The Trajectory of Graduation Rates in the College and Career Readiness Student Study
By Lisa Yu
By July 2020, NYKids researchers will have completed all data collection for the College and Career Readiness student study that began in the fall of 2019. Based on others’ research as well as the first phase of the College and Career Readiness Study, this study is informed by three frameworks:
- Positive youth development: a strengths-based, developmentally informed framework that takes the view that young people are more than their school-defined roles as students.
- Critical and culturally-relevant, responsive, and sustaining pedagogy: approaches that reflect and leverage young people’s lived experiences and empower them to use school-based knowledge to effect change in their own lives as well as their communities.

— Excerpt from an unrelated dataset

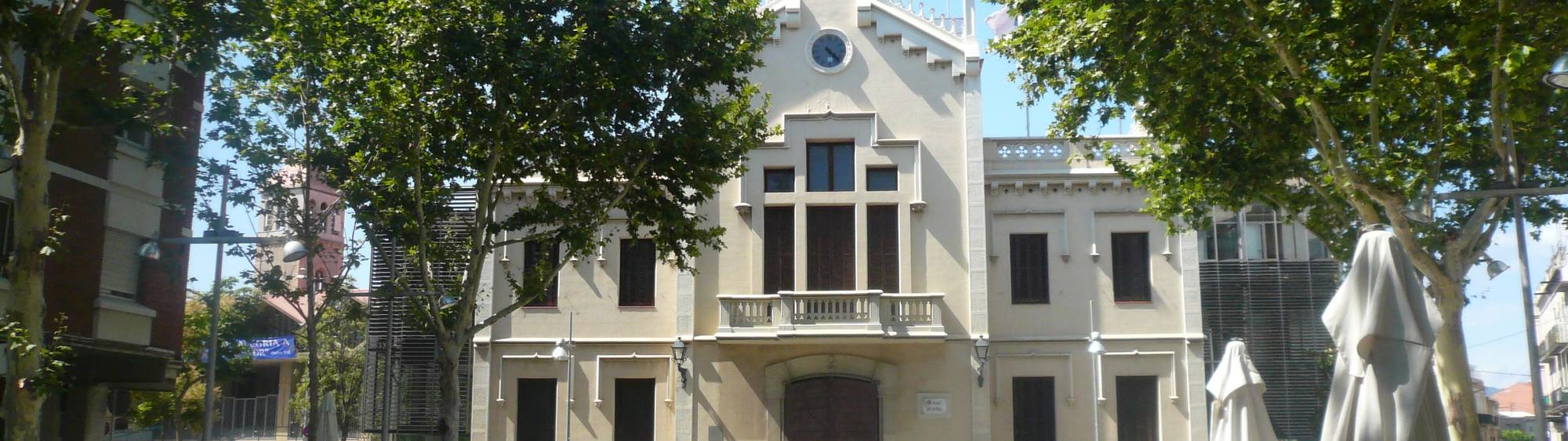 La Casa del Comú, sede del Ajuntament del Prat de Llobregat, en la plaça de la Vila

- Social identity and agency: frameworks that provide a lens into how young people make sense of their experiences at school and their emerging identities as learners and citizens.

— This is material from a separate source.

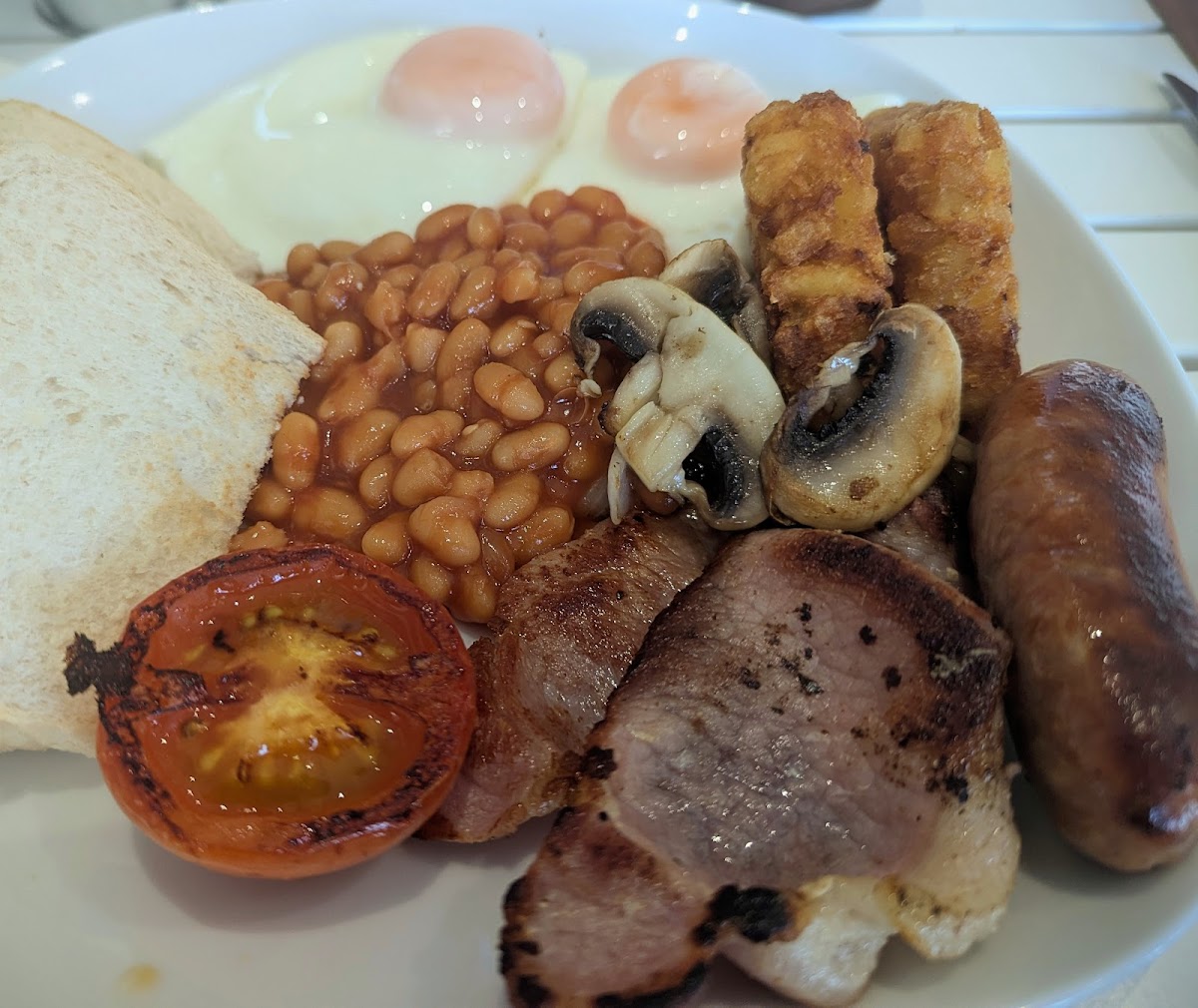 Poppy Cafe Rung Photos 2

Through these lenses, NYKids researchers have sought to understand youths’ experiences and perspectives on school and have focused attention on two of the four schools in the study where we were able to collect complete data sets despite the Covid-19 evoked school closures: these schools are Crown Point Central School and Malverne Senior High School.

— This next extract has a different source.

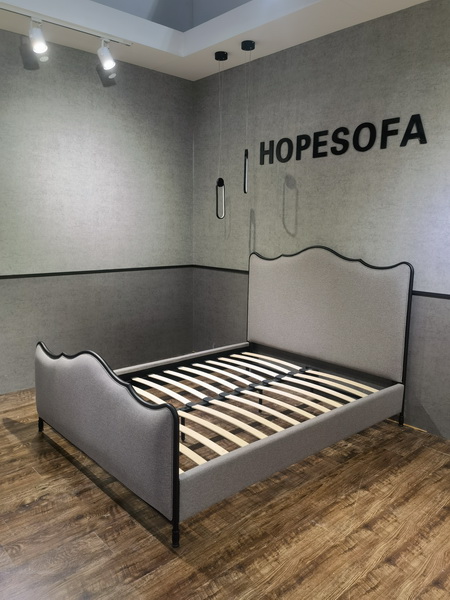 Leather Upholstered Modern Design King Size Bed for hotel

A criterion to select Crown Point and Malverne in the phase one study was that both schools had achieved a pattern of better-than-predicted graduation rates for three successive cohorts of 9th graders – 2010, 2011 and 2012. Their graduation outcomes among African American/Black, Hispanic/Latino, English language learners, and/or economically disadvantaged students were significantly better than schools of similar demographics in New York state.
In the phase two/student study, we tracked the performance trajectory of Crown Point and Malverne by comparing their graduation rates over multiple years. For the sake of consistency and validity, we continued using an average graduation rate of three successive years as the metric for comparison instead of a graduate rate of one individual year that might represent an anomaly.
We analyzed the graduation rates of four cohorts of 9th graders: cohort 1 included 9th graders who started high school in the years 2010-2012; cohort 2 included 9th graders who started in the years 2011-2013; cohort 3 included 9th graders who started school in the years 2012-2014; and cohort 4 included 9th graders who started high school in the years 2013-2015.
The Results: Better Begets Better
Crown Point Central School has maintained a higher graduation rate when compared to the New York State average rate since 2014. With a comparison of the four cohorts mentioned above; the overall graduation rate in Crown Point has also ascended from 90.7% for Cohort 1 to 91.9% for Cohort 4.
Regarding subgroup comparisons and focusing specifically on youth living in poverty, Figure 2 shows that the three-year graduation rate of economically disadvantaged students has remained relatively stable despite a minor dip from 86.2% for Cohort 1 to 85.7% for Cohort 3. It then climbed to 86.1% in the next three years for Cohort 4.
Like Crown Point, the overall graduation rates in Malverne have exceeded the New York state average for all four cohorts of 9th graders. It has also increased slightly from a rate of 89.9% for Cohort 1 to 93.2% for Cohort 4.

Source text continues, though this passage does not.